Here the means may be approximated adequately well , but the variances
would not be.
Variational methods are relatively new to statistics and at the moment
there are no generic methods for quantifying the error in variational
estimators.
\begin{figure*}
\centering
\subfigure[]{
\begin{tikzpicture}[scale=0.35, thick]
\begin{scope}
\clip (-12, -6) rectangle (12, 10);
\foreach \i in {0, 0.05,..., 1} {
\draw[line width={30 * \i}, opacity={exp(-8 * \i)}, dark]
(-10, 0) .. controls (-10, 15) and (-5, 5) .. (0, 5)
.. controls (5, 5) and (10, 8) .. (10, 0)
.. controls (10, -8) and (5, -3) .. (0, -3)
.. controls (-5, -3) and (-10, -5) .. (-10, 0);
}
\foreach \i in {0, 0.05,..., 1} {
\draw[line width={30 * \i}, opacity={exp(-8 * \i)}, green]
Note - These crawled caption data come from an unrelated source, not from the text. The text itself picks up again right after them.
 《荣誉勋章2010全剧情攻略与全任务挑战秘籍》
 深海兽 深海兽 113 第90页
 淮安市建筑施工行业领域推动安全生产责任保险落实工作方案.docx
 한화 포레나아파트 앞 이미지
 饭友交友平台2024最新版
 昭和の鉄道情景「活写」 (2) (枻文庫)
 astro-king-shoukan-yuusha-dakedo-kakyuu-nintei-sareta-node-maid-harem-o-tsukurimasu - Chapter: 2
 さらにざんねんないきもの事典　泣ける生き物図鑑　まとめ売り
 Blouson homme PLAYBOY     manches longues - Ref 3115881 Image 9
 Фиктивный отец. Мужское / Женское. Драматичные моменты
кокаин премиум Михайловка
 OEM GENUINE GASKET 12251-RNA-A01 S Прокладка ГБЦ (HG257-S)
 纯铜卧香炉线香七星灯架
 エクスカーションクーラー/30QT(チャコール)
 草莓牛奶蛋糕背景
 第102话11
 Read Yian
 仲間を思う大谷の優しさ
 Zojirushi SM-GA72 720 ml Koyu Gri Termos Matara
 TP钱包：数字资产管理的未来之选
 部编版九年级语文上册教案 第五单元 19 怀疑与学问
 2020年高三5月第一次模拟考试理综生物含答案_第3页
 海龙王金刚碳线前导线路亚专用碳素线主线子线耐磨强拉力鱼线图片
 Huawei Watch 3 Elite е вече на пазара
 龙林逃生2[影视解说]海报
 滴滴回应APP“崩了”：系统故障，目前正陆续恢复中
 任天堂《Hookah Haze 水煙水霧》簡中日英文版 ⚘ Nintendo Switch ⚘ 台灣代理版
(0, 1) ellipse (9.75 and 3.75);
}
\end{scope}
\end{tikzpicture}
}
\subfigure[]{
\begin{tikzpicture}[scale=0.35, thick]
\begin{scope}
\clip (-14, -8) rectangle (14, 14);
\foreach \i in {0, 0.05,..., 1} {
\draw[line width={30 * \i}, opacity={exp(-8 * \i)}, dark]
(-10, 0) .. controls (-10, 15) and (-5, 5) .. (0, 5)
.. controls (5, 5) and (10, 8) .. (10, 0)
.. controls (10, -8) and (5, -3) .. (0, -3)
.. controls (-5, -3) and (-10, -5) .. (-10, 0);
}
\foreach \i in {0, 0.05,..., 1} {
\draw[line width={30 * \i}, opacity={exp(-8 * \i)}, green]
(0, 1.75) ellipse (12 and 9);
}
\end{scope}
\end{tikzpicture}
}
\caption{Intuition about the effects of a particular variational divergence
function can be developed by considering how the typical set of an
approximating distribution (green) interacts with the typical of the target
distribution (red). (a) Some divergence functions favor approximating
distributions that expand into the interior of the target typical set,
resulting in an underestimate of the breadth of the typical set. (b)
Others, however, favor approximating distractions that collapse around
the exterior of the target typical set, resulting in overestimated expectations.